After doing more than a handful of spawns, I think that the single most important determinant for spawning success is good conditioning before hand. My grandfather is a whiz at raising tons of white worms, and his fish are consistently huge. I decided to try grindals and white worms as well. In my opinion, they are the best conditioning food available. For my spawning pairs, I set them next to each other with a card in between them about a week before the spawn. The water is heated at 26C (80F) and conditioned with Indian Almond Leaf (IAL) extract and a 1/4 teaspoon salt/gallon. I remove the card and let them flare at each other for about 5 minutes at a time. Afterwards, I feed them 4-5 white worms. The male should dance wildly, and he might even start to build a bubblenest in his own jar. The female should flare and display interest in the male. If she is dark, she may show vertical stripes. Her belly may get rounder as she produces more eggs. Once you see these signs, you are ready to spawn! |
Again, there are MANY ways to set up a spawn. The two that follow are the two that work best for me.
Method 1: Spawning in a Tank
They say a photograph is worth a thousand words. How about a video? Check out the above video for my set-up.
In brief:
- You can breed in many different sized tanks. I like 40 liter (10 gallon) tanks, but I’ve heard anywhere from 10L (2.5g) to 75L (20g) tanks. It must be BARE (no gravel!). The eggs will fall to the floor during courtship, and the male must be able to see where they land. Gravel may trap some of the eggs and make it very difficult to find them.
- Clean, treated, salted water to a depth of 10-15cm (4-6in). Why salt? I find it does a great job of preventing ich and velvet in young fry. About 3g (1/2 tsp) of non-iodized salt per 4L (1g) works well.

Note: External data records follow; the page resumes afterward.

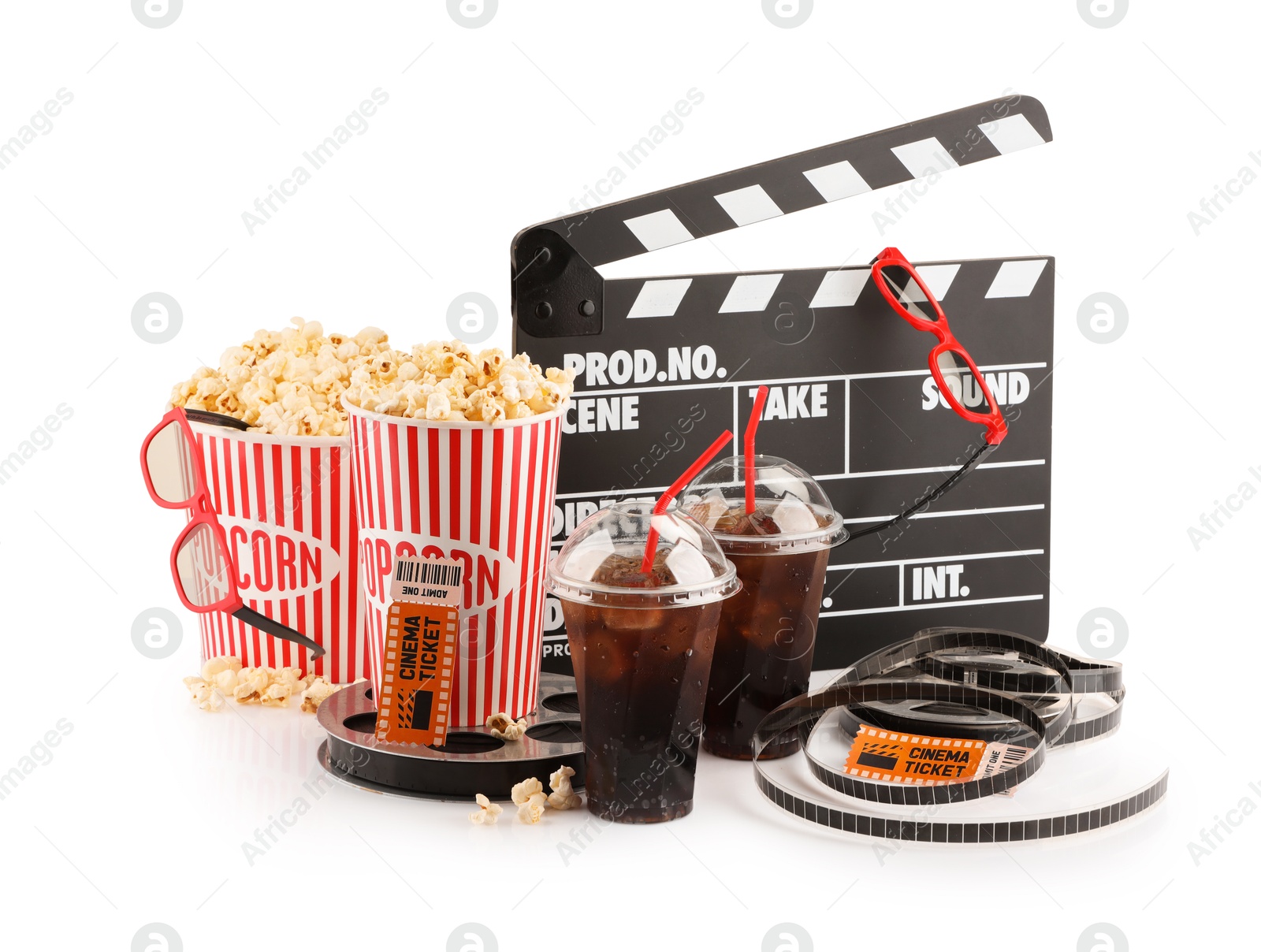 Photo of Tasty popcorn, glasses, film reels, soda drinks, clapper and movie tickets isolated on white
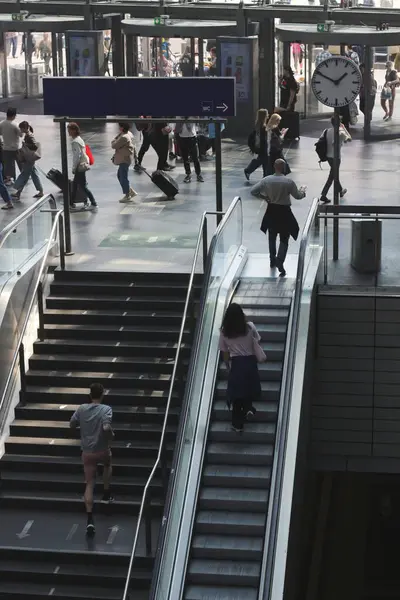 Dinamik çekimler, Almanya 'nın en işlek demiryolu istasyonu Berlin Hauptbahnhof' un canlı atmosferini yakalıyor. İnsanlar modern mimarisinde hızla ilerliyorlar.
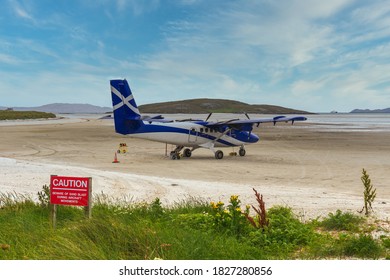  [Barra, Scotland - Aug 2020] Small plane on the sandy runway of Barra Airport, Scotland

- Heat to 26-27C (80F). I find this is the best temperature, no more, no less.
- Lots of live plants. The more the betta. Java fern and java moss are very tolerant to low light and some salt. Plants foster the growth of microorganisms, which become the first food of newly hatched fry. They also give the female some cover to hide in.
- Indian Almond Leaves. Try to find krinkly ones that have not been ironed flat. Set them on top of the water gently so air becomes trapped underneath and holds the leaf afloat. Position it in view of the trapped female in a quiet corner of the tank to encourage the male to build underneath it. If you want to watch/photograph the action, then I suggest one of the front corners.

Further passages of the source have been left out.